Carlos Mas: Un mundo para recorrer con la memoria
El pasado día 13 de diciembre la editorial Comuniter presentó el libro de Carlos Mas Arrondo “Historia de la Humanidad en miniatura. Añón de Moncayo, Zaragoza, España”. Nuestro compañero Eloy Fernández, leyó un extracto de su prólogo. Aquí reproducimos otro.
La elección de un pueblo de las faldas aragonesas del Moncayo no es resultado de una vinculación, una procedencia familiar, o laboral, o turística, sino por su rica documentación, su lugar de cruce de caminos, su oferta de mundos agrarios y preindustriales, señoríos religiosos y pobrezas, bosques y ríos; también su riesgo de desaparición. No deja de sorprender un trabajo tan extenso y profundo, sobre un lugar así. Pero conforme se avanza en la lectura, se va agrandando, nos atrae y emociona. Es un escenario a la vez protagonista, que emite señales y recibe muchas de todas partes; como un álbum en el que se cruzan mapas y dibujos, fotografías añejas, esquemas. Y este saber universal, esta enciclopedia en cientos de páginas, adquiere rango de magia y hazaña. Y un flujo de ida y vuelta marcha del pueblo al encuentro del mundo, y recibe ecos del mundo y de las diversas épocas, reflejadas allí.

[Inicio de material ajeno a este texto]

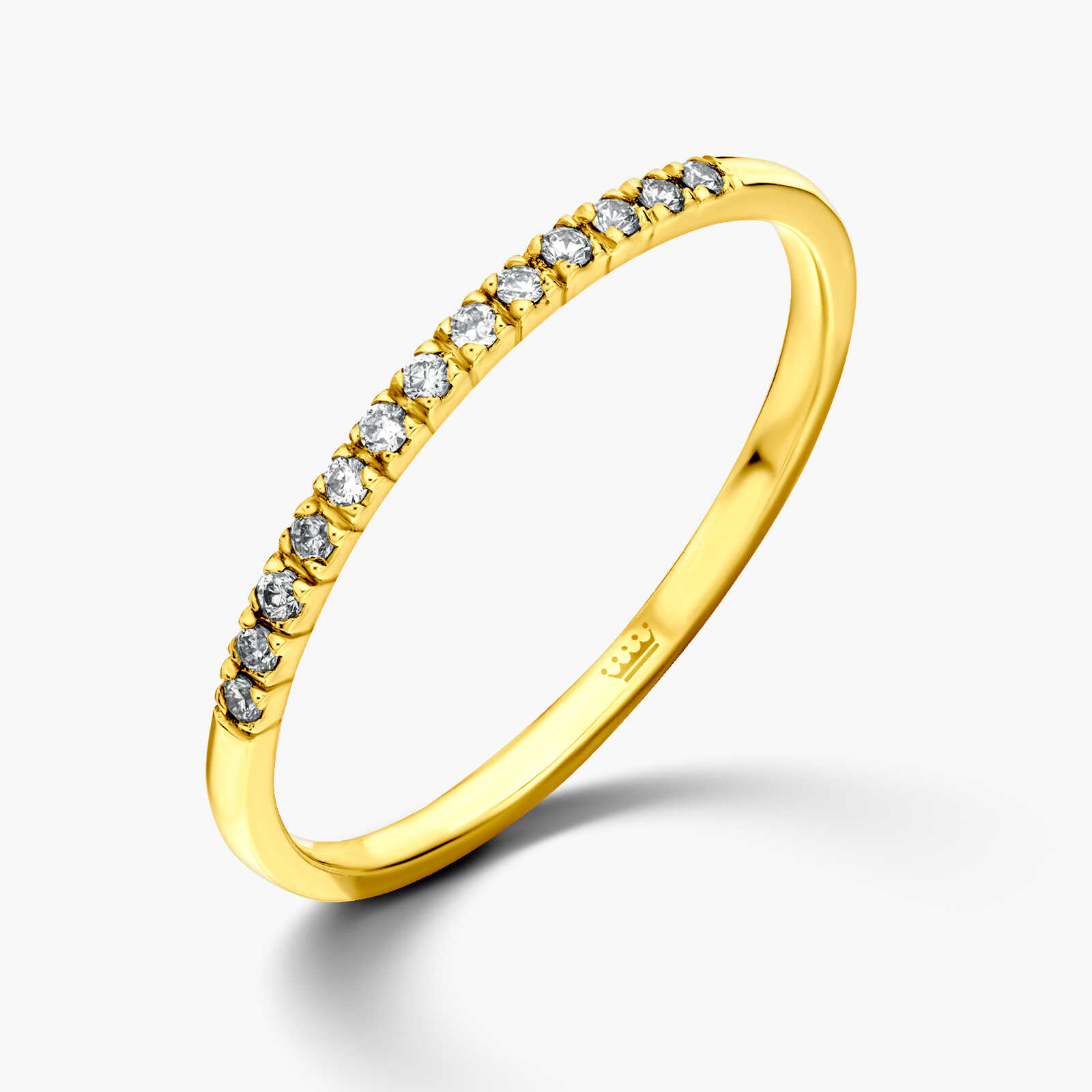 טבעת זהב משובצת יהלומים בסגנון חצי נישואין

Se responde a esas preguntas posibles abordando mundos prehistóricos, civilizaciones romana, cristiana o musulmana. Se nos explica, al fin (porque son temas casi siempre oscuros, difíciles de entender) qué es y cómo funcionan una orden militar y sus encomiendas; los castillos en las fronteras con Navarra y la vieja Castilla. La soberbia iglesia parroquial, entre las escasa románicas tan al sur del Ebro, descrita con primor.
La descripción y explicación de esa economía agraria “cautiva” por tributos y todo tipo de gabelas, diezmos y primicias. La presencia de los grandes asuntos: el agua y los puentes y caminos, el bosque, los pastos, los litigios, incendios, roturaciones furtivas, cortes ilegales y denuncias… La presencia siempre algo diabólica, del lobo. Y todo ese mundo de las cuevas, y sus leyendas (por fuerza Gustavo Adolfo Bécquer hubo de respirar aquí ese aroma), o las brujas, tan famosas las de Trasmoz, contempladas con la sabiduría de Caro Baroja o nuestro Ángel Gari.
La bendita demografía, con esa minuciosa enumeración de fuegos de fines del siglo XV, que se detallan amorosamente en nombres y oficios, siendo el más abundante el de pobre o muy pobre. Las personas. El historiador deja que las notemos los lectores, y no enfatiza: pero por ahí están nombre a nombre, en 1846, los cabezas de familia (muchas mujeres, por cierto) entre ellos el prior y el coadjutor.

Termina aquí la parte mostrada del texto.